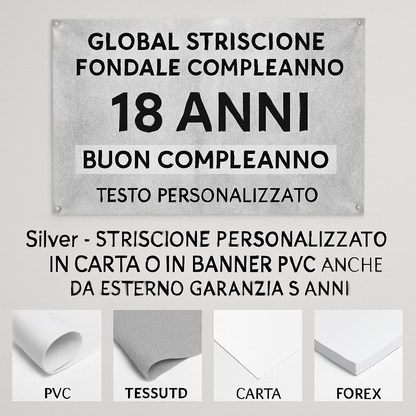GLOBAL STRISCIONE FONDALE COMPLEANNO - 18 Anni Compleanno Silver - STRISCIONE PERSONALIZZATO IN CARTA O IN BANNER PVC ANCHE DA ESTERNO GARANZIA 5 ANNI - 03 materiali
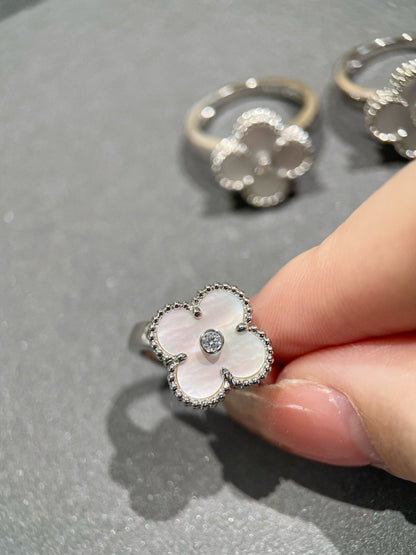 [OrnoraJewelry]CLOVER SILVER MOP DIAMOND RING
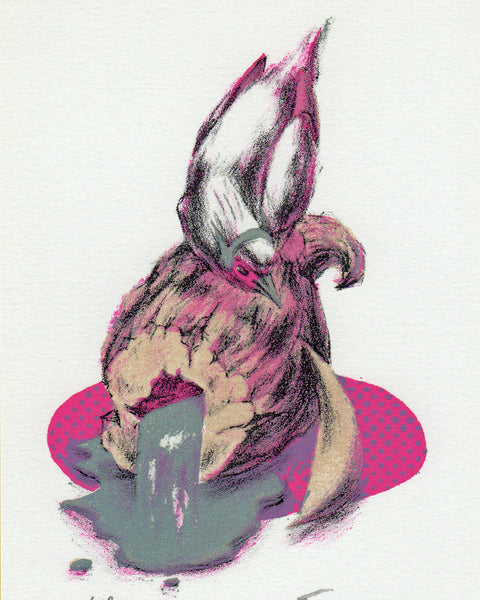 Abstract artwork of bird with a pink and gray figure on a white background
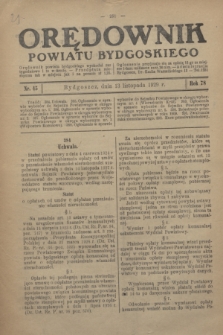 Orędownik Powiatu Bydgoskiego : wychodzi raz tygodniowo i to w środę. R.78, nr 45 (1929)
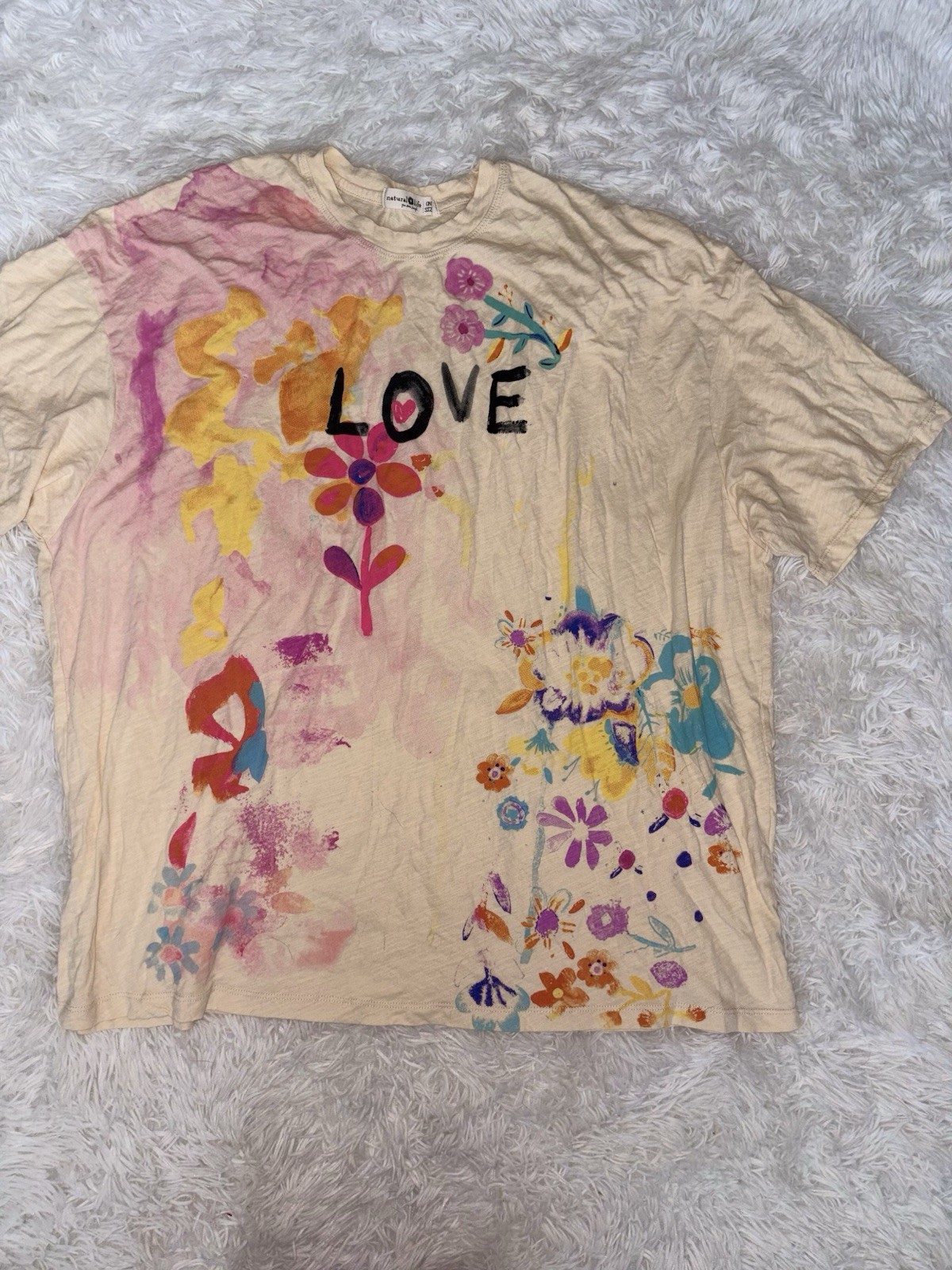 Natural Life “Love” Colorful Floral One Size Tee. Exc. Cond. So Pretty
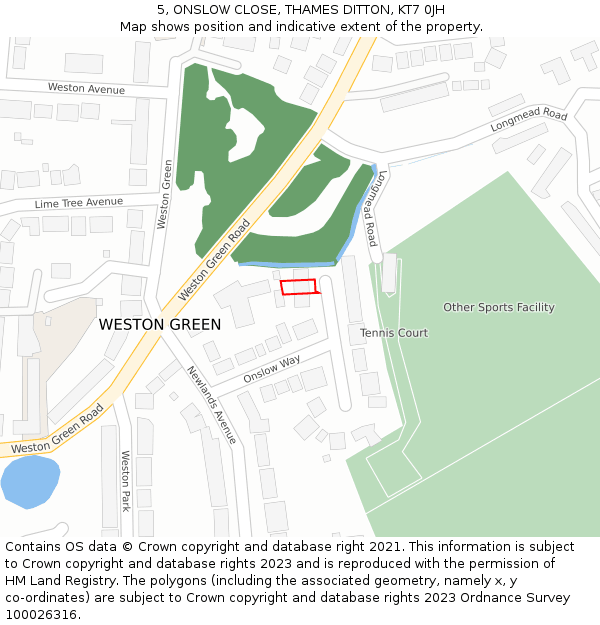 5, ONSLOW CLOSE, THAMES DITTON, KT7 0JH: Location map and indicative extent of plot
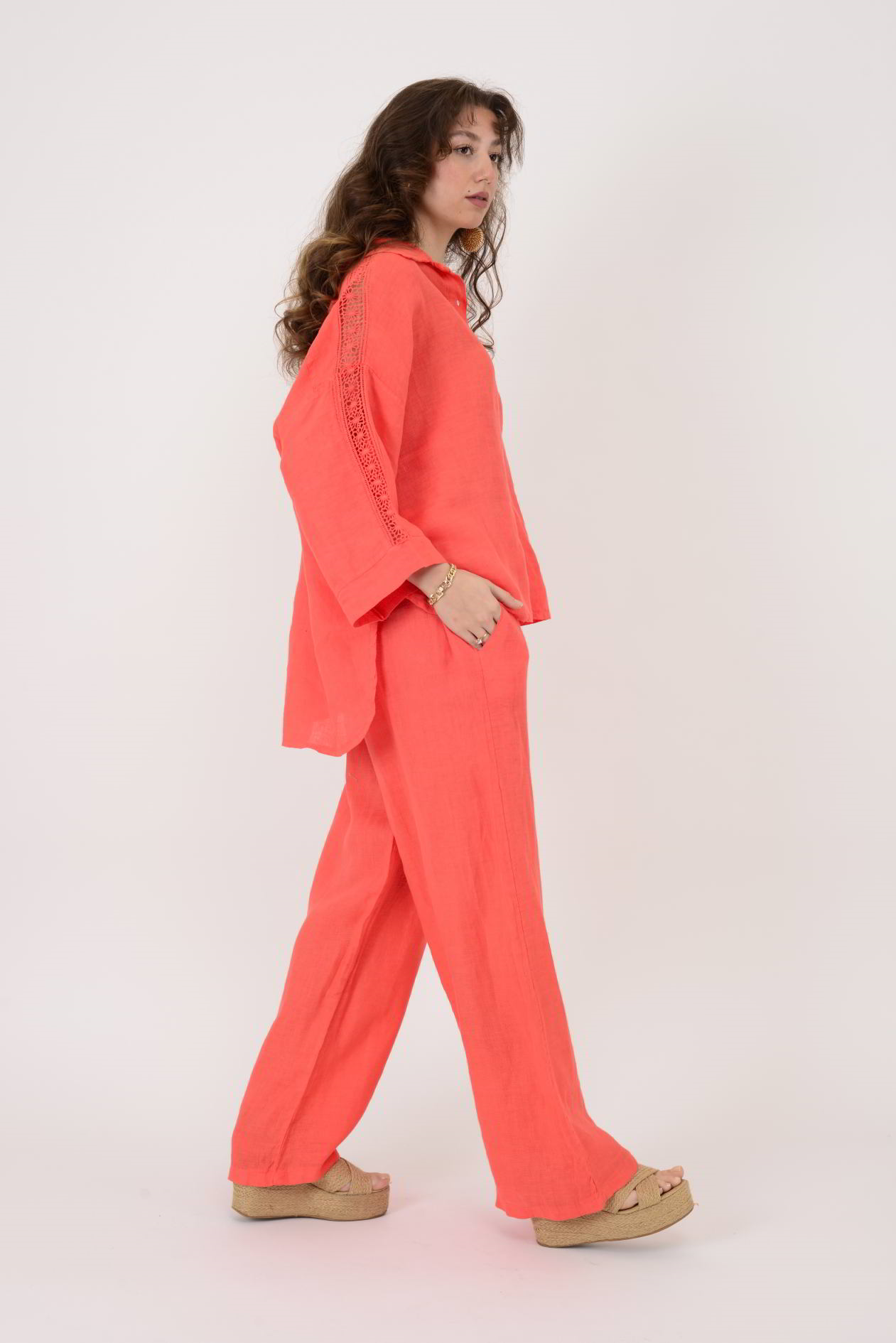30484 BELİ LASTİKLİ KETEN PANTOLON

+++

**Task statement**: All entries above are to be set down word for word, and the pictures are to be left out.

**Reply**:
GLOBAL STRISCIONE FONDALE COMPLEANNO - 18 Anni Compleanno Silver - STRISCIONE PERSONALIZZATO IN CARTA O IN BANNER PVC ANCHE DA ESTERNO GARANZIA 5 ANNI - 03 materiali
 [OrnoraJewelry]CLOVER SILVER MOP DIAMOND RING
 Abstract artwork of bird with a pink and gray figure on a white background
 Orędownik Powiatu Bydgoskiego : wychodzi raz tygodniowo i to w środę. R.78, nr 45 (1929)
 Natural Life “Love” Colorful Floral One Size Tee. Exc. Cond. So Pretty
 5, ONSLOW CLOSE, THAMES DITTON, KT7 0JH: Location map and indicative extent of plot
30484 BELİ LASTİKLİ KETEN PANTOLON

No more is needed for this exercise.